Output exactly, in the material below, the lines from the one with "The Trapper from" through the one with "Ambi Skincare Cleansing". Omit all pictures.

■ Records shown ■
☆ ☆ ☆

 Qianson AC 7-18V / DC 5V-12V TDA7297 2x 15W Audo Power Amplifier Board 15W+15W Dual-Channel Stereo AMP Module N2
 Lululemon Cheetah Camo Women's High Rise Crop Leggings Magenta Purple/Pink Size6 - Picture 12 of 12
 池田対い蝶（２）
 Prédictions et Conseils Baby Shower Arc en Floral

☆ ☆ ☆

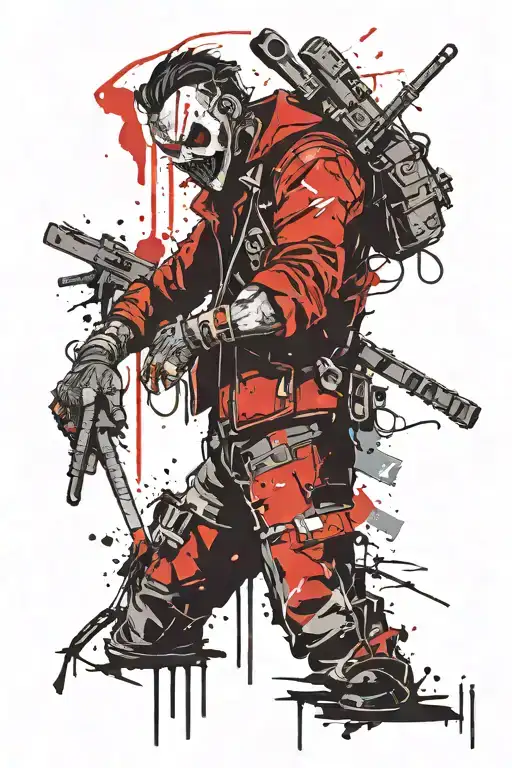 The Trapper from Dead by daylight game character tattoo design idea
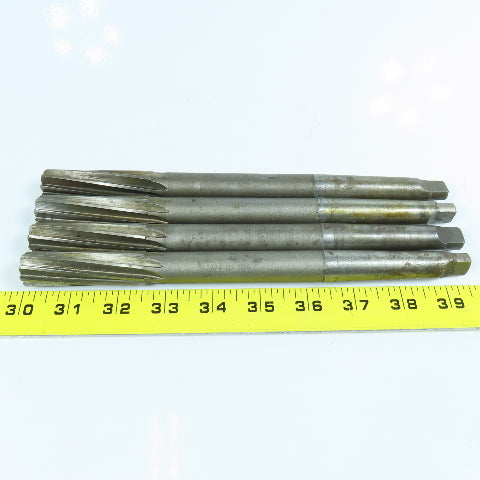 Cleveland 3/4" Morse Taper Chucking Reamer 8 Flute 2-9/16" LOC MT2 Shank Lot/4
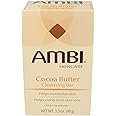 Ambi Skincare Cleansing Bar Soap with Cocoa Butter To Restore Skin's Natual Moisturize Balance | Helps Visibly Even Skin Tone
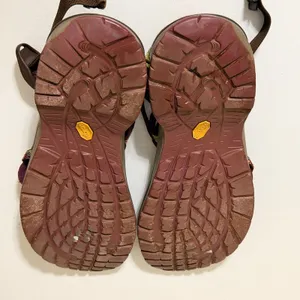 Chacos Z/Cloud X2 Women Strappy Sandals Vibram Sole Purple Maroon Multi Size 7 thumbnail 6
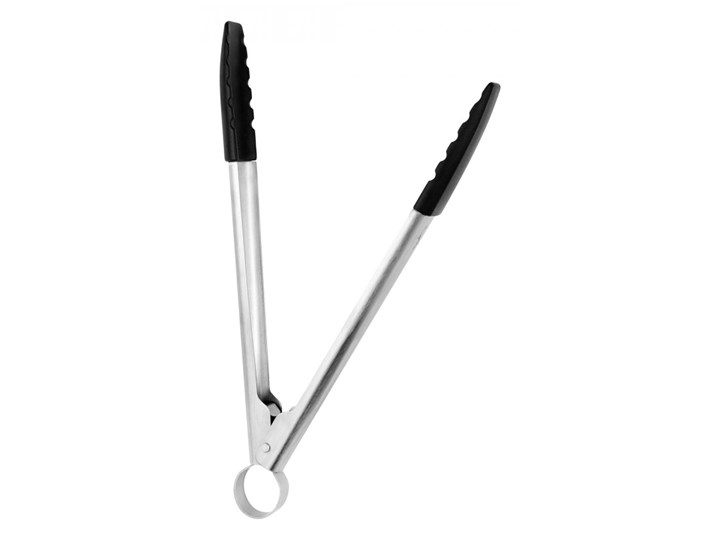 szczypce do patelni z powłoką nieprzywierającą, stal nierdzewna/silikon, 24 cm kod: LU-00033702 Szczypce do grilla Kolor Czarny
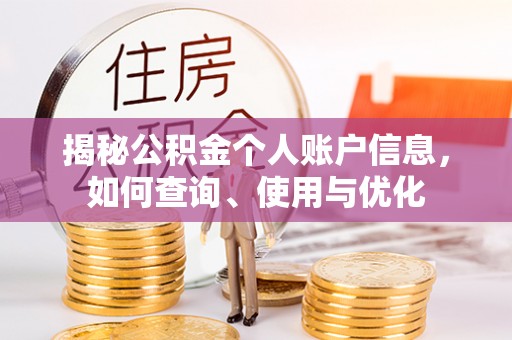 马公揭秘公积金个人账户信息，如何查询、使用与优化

☆ ☆ ☆

■ Written solution ■
 The Trapper from Dead by daylight game character tattoo design idea
 Cleveland 3/4" Morse Taper Chucking Reamer 8 Flute 2-9/16" LOC MT2 Shank Lot/4
 Ambi Skincare Cleansing Bar Soap with Cocoa Butter To Restore Skin's Natual Moisturize Balance | Helps Visibly Even Skin Tone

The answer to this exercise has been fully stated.